Start of DATASET EXCERPTS

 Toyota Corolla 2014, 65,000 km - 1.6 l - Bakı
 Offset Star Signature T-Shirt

End of DATASET EXCERPTS
Start of DATASET EXCERPTS

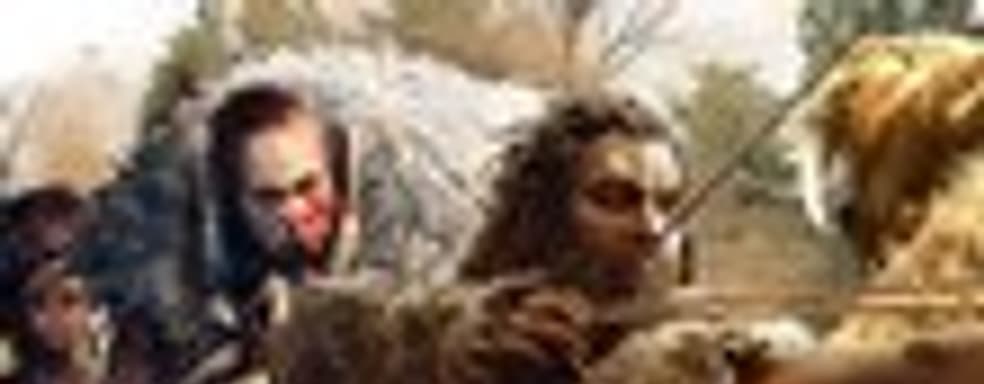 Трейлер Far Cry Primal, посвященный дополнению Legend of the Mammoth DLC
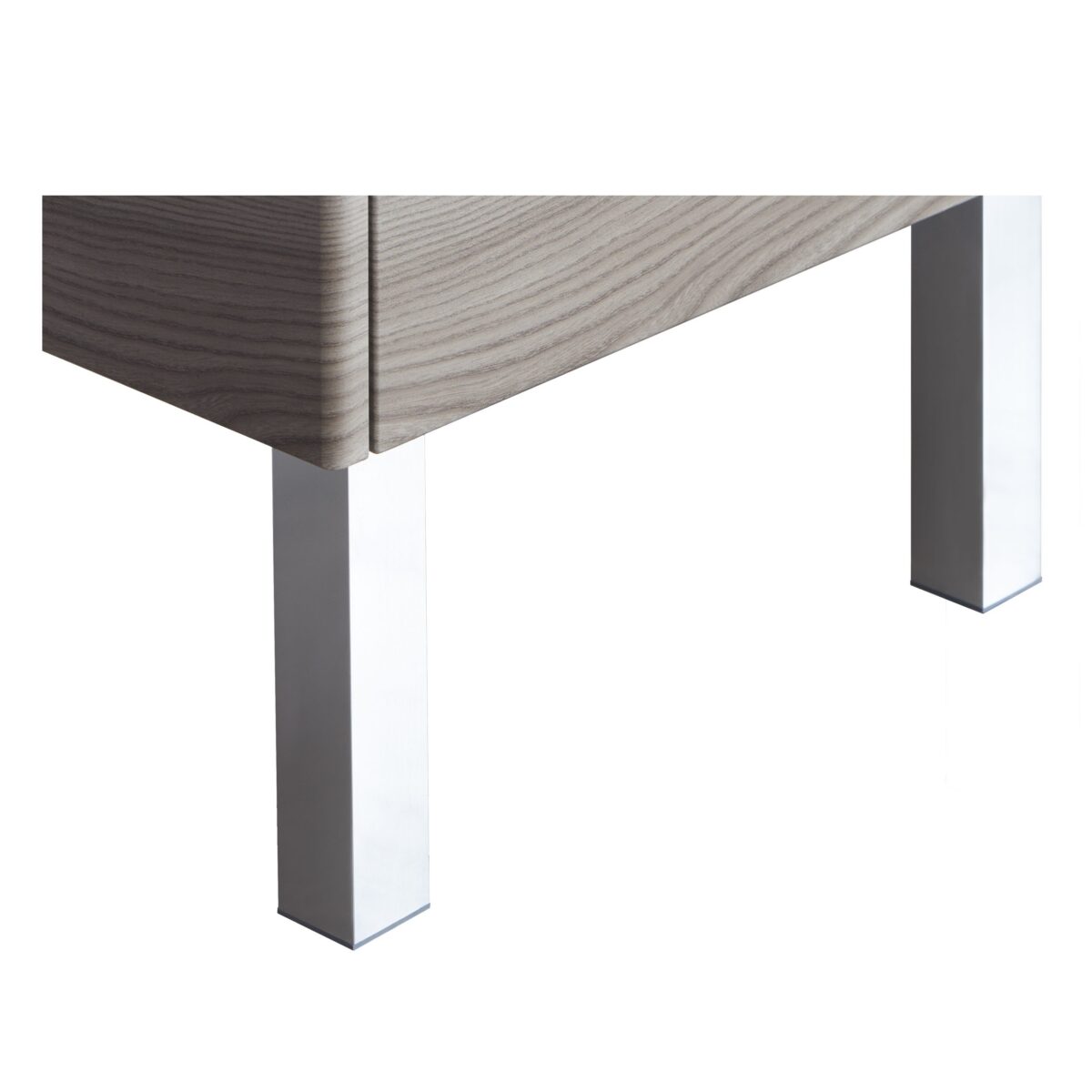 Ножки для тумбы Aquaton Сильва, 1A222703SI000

End of DATASET EXCERPTS

### WORK TO COMPLETE
Above are the records; from them, give again exactly the lines from the one containing "Toyota Corolla 2014, 65,000" to the one containing "Offset Star Signature T-Shirt", both lines included, and nothing more.

### SOLUTION FOR THIS EXERCISE
 Toyota Corolla 2014, 65,000 km - 1.6 l - Bakı
 Offset Star Signature T-Shirt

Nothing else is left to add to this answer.